• **INSTRUCTIONS FOR THE TASK**: Print the listing as it stands, omitting all images.

• **EXERCISE DATA**:
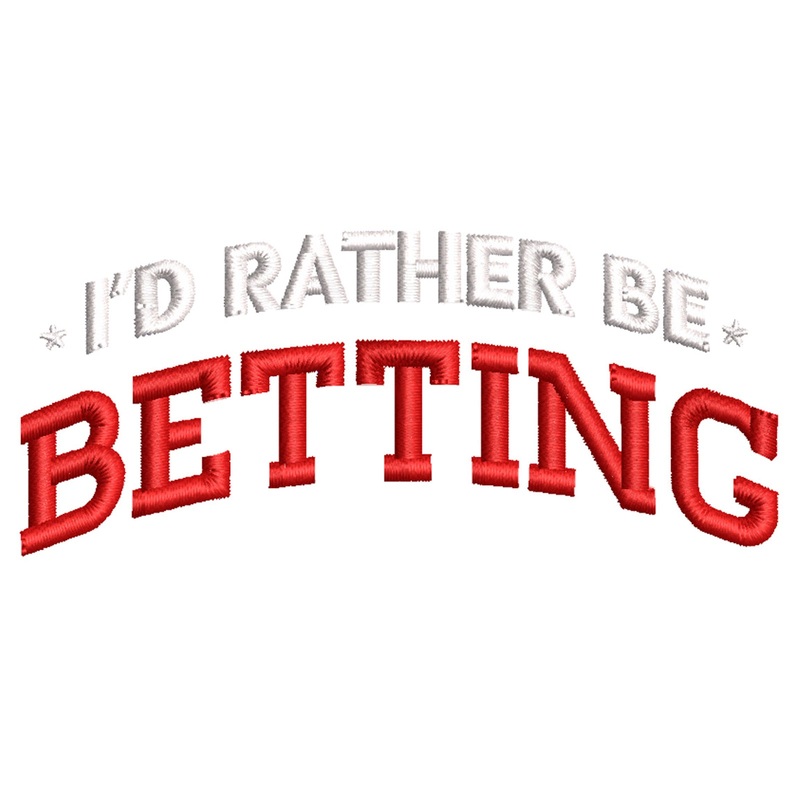 I’d Rather Be Betting I’d Rather Be Betting One Size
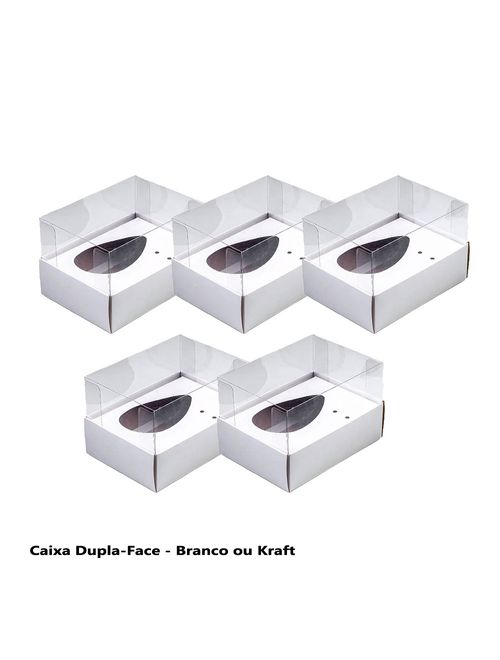 Caixa para Ovo de Colher Dupla Face 100g a 150g c/5 - Sulformas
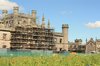 Castle under restoration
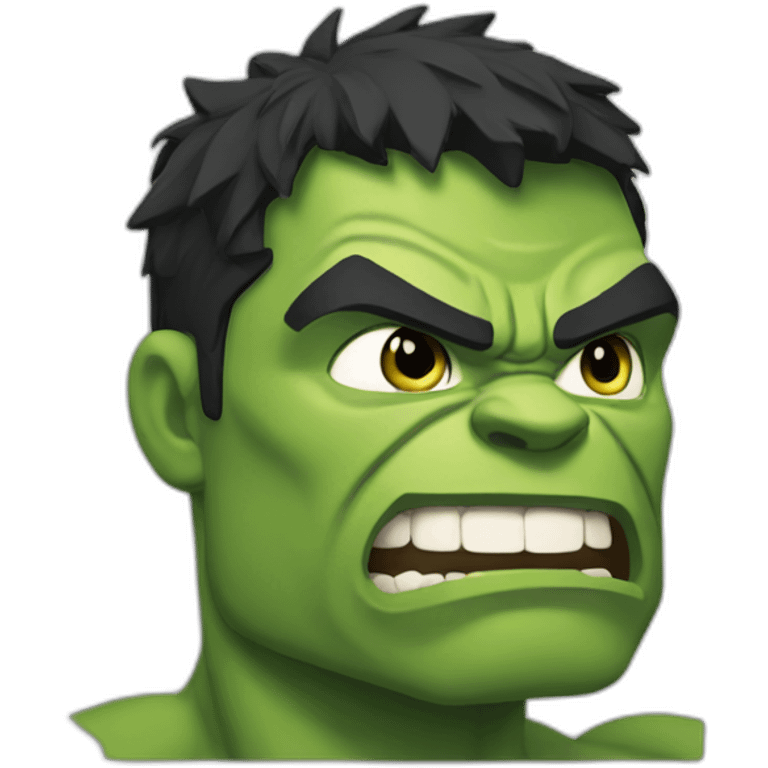 Hulk emoji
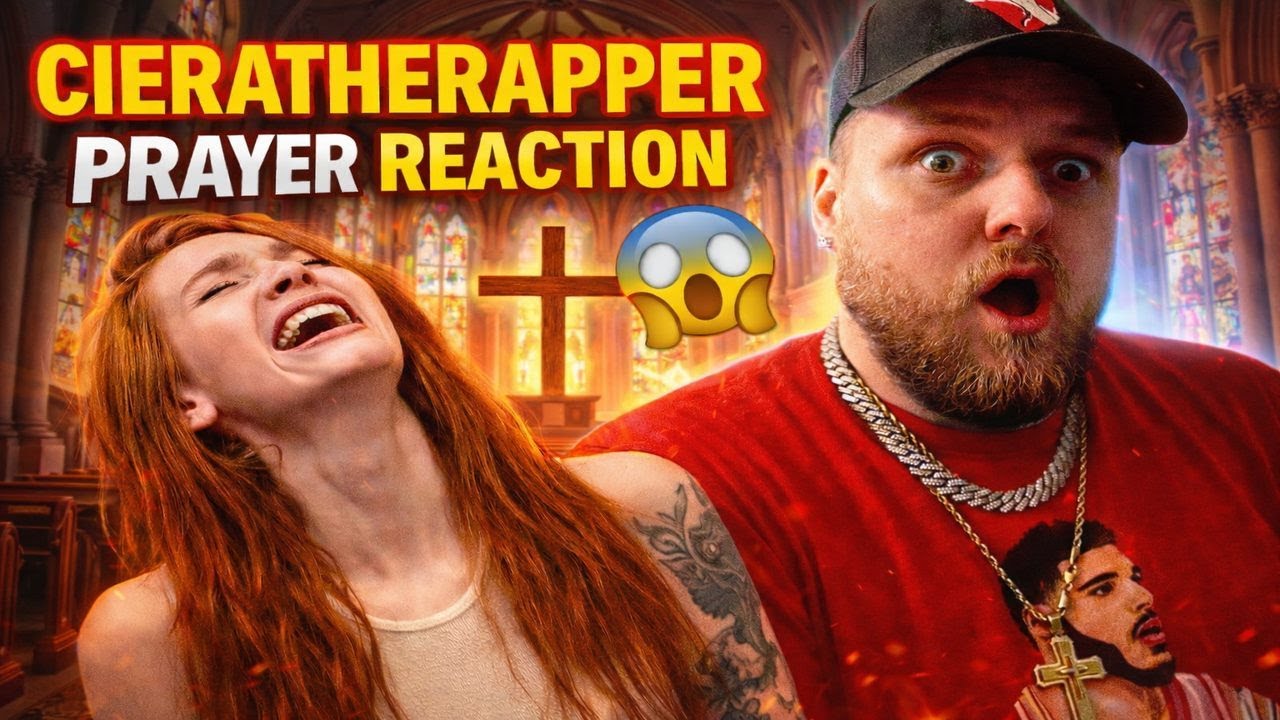 SHE'S CRYING OUT TO GOD | CieraTheRapper - Prayer Reaction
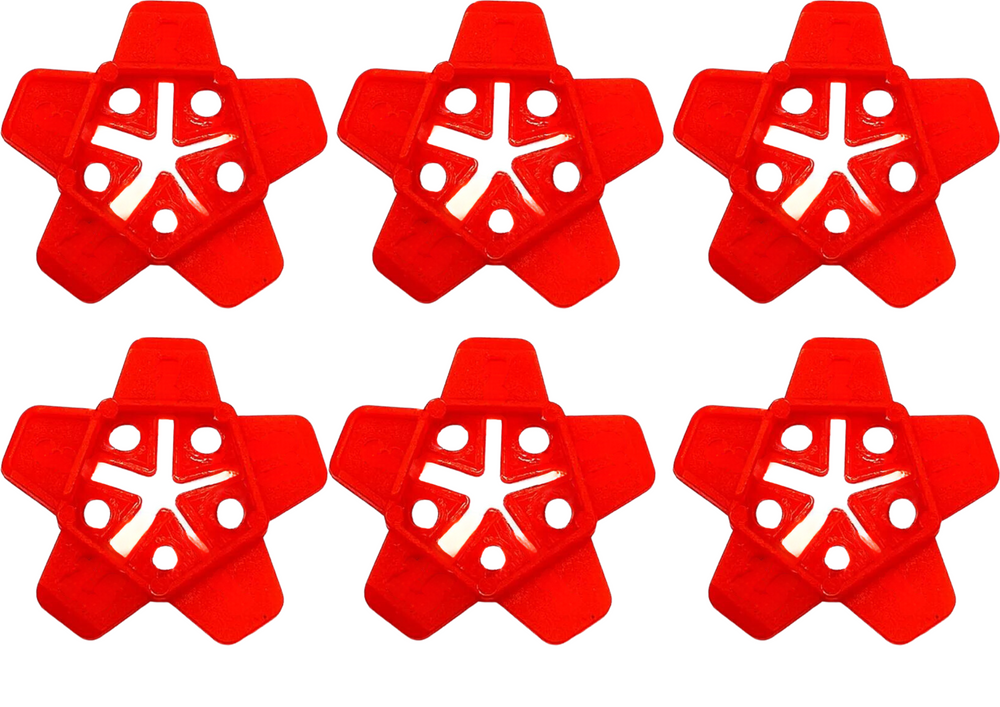 mamido  Dištančné krížiky hviezdičkové pre obklady 100 kusov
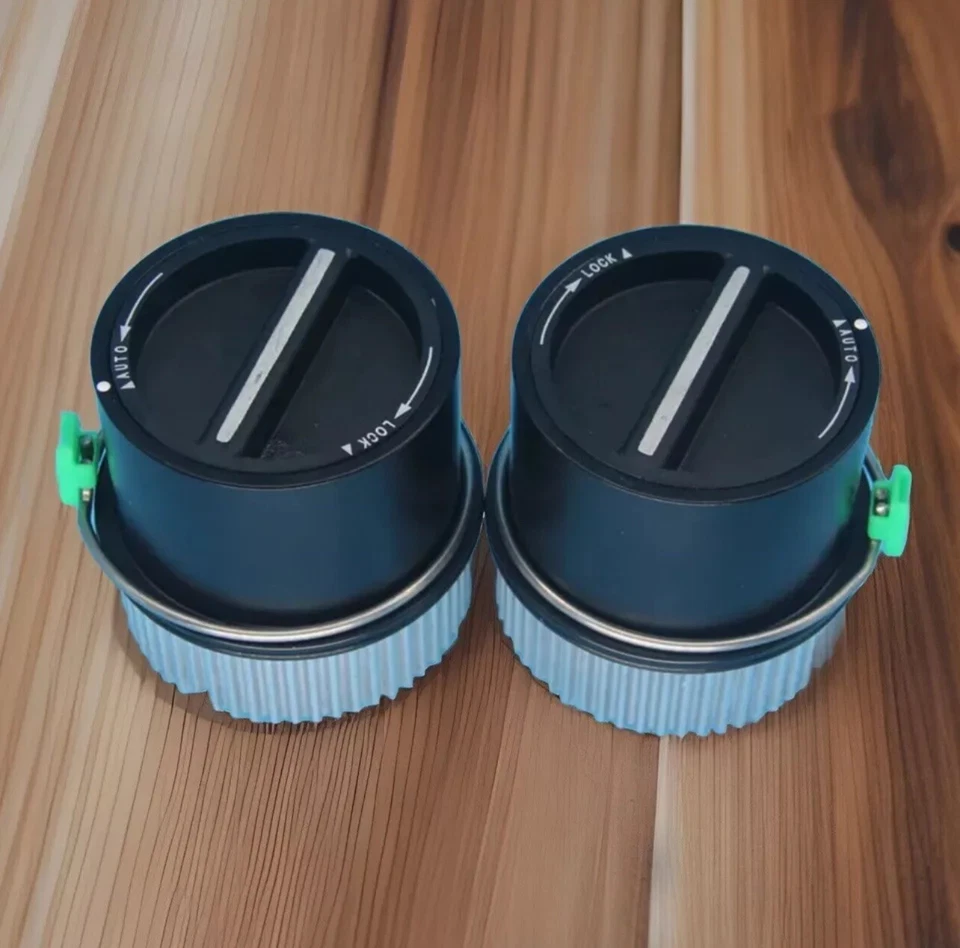 Set of 2 OEM Front Automatic Locking Hubs for 99-04 Ford F250 F350 Super Duty - Image 4 of 4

• **SOLUTION FOR THIS PROBLEM**:
 I’d Rather Be Betting I’d Rather Be Betting One Size
 Caixa para Ovo de Colher Dupla Face 100g a 150g c/5 - Sulformas
 Castle under restoration
 Hulk emoji
 SHE'S CRYING OUT TO GOD | CieraTheRapper - Prayer Reaction
 mamido  Dištančné krížiky hviezdičkové pre obklady 100 kusov
 Set of 2 OEM Front Automatic Locking Hubs for 99-04 Ford F250 F350 Super Duty - Image 4 of 4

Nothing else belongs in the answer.